ドリーム・シアターのジョン・ペトルーシってヴァイの影響が一番強いみたいだけど、
実は公言しなくとも、ジェイクの影響も受けてると思う。

えぐいプレイ

先日のラリー・カールトンについて「えぐいプレイ」と書いたけど、
どんなものか聞かれたのでちょっと詳細をば。

ロックとかって基本がEとかAとか、もしくはそれらのマイナーとかで、
ギターにとって有利なキーなんだと思ってほしい。
なので、このキーのロック楽曲は世の中に溢れまくっているはずだ。

開放弦を使いやすいし、視覚的にもわかりやすいポジショニングになるのだ。

対してジャズとかフュージョンって、管楽器のキーでフラット系が多いので、
ギタリストにとってはちょいやりづらい感じになる。

FとかB♭とかかな。

という意味で、ジャンル的にもえぐいプレイになりがちなわけだ。

あと、特にハード・ロックの場合、ソロなんかはペンタ一発のラン奏法とか、
90年代にMITあたりのメソッドにもなってた、各弦3音づつで上昇下降するような
ストレートなフレーズが多い。うーん、ちょい古いか。
ま、ここではホライズンなのがロック、バーティカルなのがジャズ系みたいな
ニュアンスで考えてもらえれば。

で、カールトンの場合は、もちろんペンタも多用するんだけど、コード進行や
響きを完全優先するので、いわゆるギターで弾きやすいフレーズではなく、音楽として
心地よいものが多用される。

なので、Major7のアルペジオ・フレーズをレガート絡めながらスウィープなんてのは
ザラ。
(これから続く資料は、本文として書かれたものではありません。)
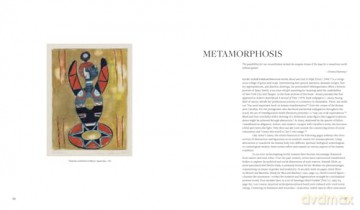 Vital Signs: Artists and the Body - Lanka Tattersall [KSIĄŻKA]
フツーのトライアドのアルペジオに少々音が加わるだけでも難易度はかなり上がるけれど、
ロックでは見ないコードがガンガン進行していくのだ。

是非トライしてほしい。

ラリー・カールトン

ギター中級者以上のひとにはラリー・カールトンの
プレイを練習することをおすすめしている。

中級者を自覚しているひとにはかなり大きな壁になるので、
登竜門として最適だからだ。

1、トライアドのみでなく、4音構成の響きが身に付く
2、トーン・コントロールが絶妙なので、それなりに耳が良い人ならば
エモーショナルプレイの手法が理解できる
3、随所にえぐいテクニックを使っているので、テクニカルなプレイにも
フィード・バックできる。

Room335がテッパンだけど、Strikes twiceもよい。
後半部分のタッピング・ハーモニクスは本人もライブで再現していないので、
やる気のあるひと以外はコピーしなくてもいいかも。

前半のD♭maj7とGmaj7の繰り返し部分だけでも練習になる。
その後のイチロクニーゴーはコード進行だけ把握してればいいかな。

ソロ・ギター

ロックばりばりのギターも楽しいけれど、ギター1本で完結する
ソロ・ギターもよい。

ジョー・パスみたいなスタイルもいいし、
南澤大介さんのようにクラッシック・ギターでポピュラー・ソングを
ソロ・ギターにアレンジするのも非常に味わいがある。

ディア・ハンターのアレ、練習しようかな・・・

September

アンディ・ティモンズの名曲「September」

名盤イヤー・エクスタシーの日本ボーナストラックなんだけど、
非常にすばらしいのである。

長男、長女ともに9月生まれなのでしみじみとおさらい。
聴くのも弾くのも気持ちのよい逸品なのだ。